(Data excerpts)
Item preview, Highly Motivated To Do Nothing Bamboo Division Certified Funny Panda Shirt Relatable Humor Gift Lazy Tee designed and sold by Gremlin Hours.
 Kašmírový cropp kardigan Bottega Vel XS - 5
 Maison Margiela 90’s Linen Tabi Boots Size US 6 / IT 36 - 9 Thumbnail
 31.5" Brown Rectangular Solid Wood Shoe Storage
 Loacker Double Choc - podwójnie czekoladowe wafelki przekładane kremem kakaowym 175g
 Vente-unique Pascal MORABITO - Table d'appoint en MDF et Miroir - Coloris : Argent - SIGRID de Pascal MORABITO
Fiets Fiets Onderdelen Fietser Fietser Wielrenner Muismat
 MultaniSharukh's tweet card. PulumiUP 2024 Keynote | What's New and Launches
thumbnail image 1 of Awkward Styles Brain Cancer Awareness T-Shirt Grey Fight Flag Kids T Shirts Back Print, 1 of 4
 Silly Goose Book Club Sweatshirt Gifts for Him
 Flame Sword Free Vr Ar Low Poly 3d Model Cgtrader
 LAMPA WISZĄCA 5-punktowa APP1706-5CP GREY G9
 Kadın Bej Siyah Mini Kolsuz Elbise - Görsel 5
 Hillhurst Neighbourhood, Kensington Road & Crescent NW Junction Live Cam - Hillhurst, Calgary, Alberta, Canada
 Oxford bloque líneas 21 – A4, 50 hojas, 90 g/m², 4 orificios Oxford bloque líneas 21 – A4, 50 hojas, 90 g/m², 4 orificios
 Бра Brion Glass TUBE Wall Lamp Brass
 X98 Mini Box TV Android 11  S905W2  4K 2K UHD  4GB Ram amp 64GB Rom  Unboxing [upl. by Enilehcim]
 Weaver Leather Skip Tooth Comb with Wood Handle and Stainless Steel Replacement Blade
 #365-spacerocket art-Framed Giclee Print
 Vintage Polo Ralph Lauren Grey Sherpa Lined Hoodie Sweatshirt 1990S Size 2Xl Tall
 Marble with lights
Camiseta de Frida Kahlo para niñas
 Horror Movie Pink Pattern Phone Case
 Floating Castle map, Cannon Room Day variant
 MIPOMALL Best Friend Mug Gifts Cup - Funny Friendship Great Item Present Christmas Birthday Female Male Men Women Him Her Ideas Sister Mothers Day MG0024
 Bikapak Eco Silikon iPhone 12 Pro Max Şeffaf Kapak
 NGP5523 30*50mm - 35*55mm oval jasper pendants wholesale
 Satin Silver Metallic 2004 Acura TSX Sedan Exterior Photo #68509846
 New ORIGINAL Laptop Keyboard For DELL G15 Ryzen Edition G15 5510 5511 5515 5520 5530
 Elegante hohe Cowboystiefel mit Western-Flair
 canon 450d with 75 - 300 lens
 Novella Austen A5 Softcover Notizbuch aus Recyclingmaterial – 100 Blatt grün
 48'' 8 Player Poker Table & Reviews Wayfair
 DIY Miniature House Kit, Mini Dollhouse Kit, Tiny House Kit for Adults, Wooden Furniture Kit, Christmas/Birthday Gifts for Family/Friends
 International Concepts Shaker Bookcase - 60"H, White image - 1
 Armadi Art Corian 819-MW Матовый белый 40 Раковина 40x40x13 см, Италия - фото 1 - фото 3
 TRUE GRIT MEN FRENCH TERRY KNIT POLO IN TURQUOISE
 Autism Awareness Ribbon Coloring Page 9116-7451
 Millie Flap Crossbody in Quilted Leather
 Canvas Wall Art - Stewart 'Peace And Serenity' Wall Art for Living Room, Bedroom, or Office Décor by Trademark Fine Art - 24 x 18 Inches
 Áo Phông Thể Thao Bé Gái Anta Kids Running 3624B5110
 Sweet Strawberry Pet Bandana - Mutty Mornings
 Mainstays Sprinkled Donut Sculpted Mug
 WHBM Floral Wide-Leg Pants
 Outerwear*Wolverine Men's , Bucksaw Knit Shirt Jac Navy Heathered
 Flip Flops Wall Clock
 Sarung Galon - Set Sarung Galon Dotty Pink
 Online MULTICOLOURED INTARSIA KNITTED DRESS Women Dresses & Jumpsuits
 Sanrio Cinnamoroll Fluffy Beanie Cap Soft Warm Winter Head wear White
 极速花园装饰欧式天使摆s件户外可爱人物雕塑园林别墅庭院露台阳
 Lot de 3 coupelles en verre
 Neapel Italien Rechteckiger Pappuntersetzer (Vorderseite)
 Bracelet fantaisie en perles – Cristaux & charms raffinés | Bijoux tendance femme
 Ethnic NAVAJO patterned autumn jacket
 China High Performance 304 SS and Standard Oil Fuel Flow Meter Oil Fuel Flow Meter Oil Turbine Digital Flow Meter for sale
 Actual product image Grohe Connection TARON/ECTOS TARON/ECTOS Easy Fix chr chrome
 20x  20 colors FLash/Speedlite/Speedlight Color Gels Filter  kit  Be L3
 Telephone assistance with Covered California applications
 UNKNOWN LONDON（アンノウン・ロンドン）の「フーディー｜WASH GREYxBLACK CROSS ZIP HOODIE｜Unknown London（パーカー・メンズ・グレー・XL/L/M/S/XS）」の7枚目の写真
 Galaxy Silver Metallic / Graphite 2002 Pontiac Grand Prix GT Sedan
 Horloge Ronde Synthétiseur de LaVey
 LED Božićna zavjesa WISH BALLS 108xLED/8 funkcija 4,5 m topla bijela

▶ **Exercise instructions**
Looking through the data above, copy out each line in which the string "Birthday" occurs.

▶ **Written solution**
 MIPOMALL Best Friend Mug Gifts Cup - Funny Friendship Great Item Present Christmas Birthday Female Male Men Women Him Her Ideas Sister Mothers Day MG0024
 DIY Miniature House Kit, Mini Dollhouse Kit, Tiny House Kit for Adults, Wooden Furniture Kit, Christmas/Birthday Gifts for Family/Friends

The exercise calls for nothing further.